── Exercise data ──

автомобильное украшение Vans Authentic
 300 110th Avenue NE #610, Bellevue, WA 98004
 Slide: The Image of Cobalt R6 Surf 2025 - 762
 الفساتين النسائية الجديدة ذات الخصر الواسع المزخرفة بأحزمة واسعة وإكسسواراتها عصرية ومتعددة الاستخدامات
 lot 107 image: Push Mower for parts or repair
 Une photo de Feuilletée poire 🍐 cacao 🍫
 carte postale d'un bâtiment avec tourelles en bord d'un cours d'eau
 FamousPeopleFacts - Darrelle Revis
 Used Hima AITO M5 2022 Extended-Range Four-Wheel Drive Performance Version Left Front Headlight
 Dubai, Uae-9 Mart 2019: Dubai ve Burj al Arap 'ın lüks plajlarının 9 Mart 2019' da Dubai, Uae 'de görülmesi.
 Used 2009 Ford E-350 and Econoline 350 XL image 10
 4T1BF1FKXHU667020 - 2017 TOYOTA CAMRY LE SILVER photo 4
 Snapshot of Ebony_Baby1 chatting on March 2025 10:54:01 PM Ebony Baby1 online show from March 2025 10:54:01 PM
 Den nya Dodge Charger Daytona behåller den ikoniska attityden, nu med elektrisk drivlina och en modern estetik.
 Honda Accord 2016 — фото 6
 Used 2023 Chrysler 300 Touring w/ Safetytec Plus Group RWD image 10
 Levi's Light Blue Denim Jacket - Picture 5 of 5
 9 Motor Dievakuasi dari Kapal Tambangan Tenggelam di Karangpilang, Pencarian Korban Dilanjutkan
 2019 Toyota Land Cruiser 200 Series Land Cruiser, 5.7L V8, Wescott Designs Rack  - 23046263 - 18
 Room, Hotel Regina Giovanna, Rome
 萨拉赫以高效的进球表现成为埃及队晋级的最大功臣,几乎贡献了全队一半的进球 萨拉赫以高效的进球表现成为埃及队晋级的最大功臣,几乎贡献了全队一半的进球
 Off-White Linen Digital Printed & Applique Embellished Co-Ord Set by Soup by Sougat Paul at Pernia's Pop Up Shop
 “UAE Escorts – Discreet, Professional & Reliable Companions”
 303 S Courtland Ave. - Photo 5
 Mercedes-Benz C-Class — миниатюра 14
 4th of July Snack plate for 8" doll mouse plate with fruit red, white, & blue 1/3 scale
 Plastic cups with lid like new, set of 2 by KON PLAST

───

Problem requirements >>
Copy from the entries above each line in which the string "Used" can be found.

Response box >>
 Used Hima AITO M5 2022 Extended-Range Four-Wheel Drive Performance Version Left Front Headlight
 Used 2009 Ford E-350 and Econoline 350 XL image 10
 Used 2023 Chrysler 300 Touring w/ Safetytec Plus Group RWD image 10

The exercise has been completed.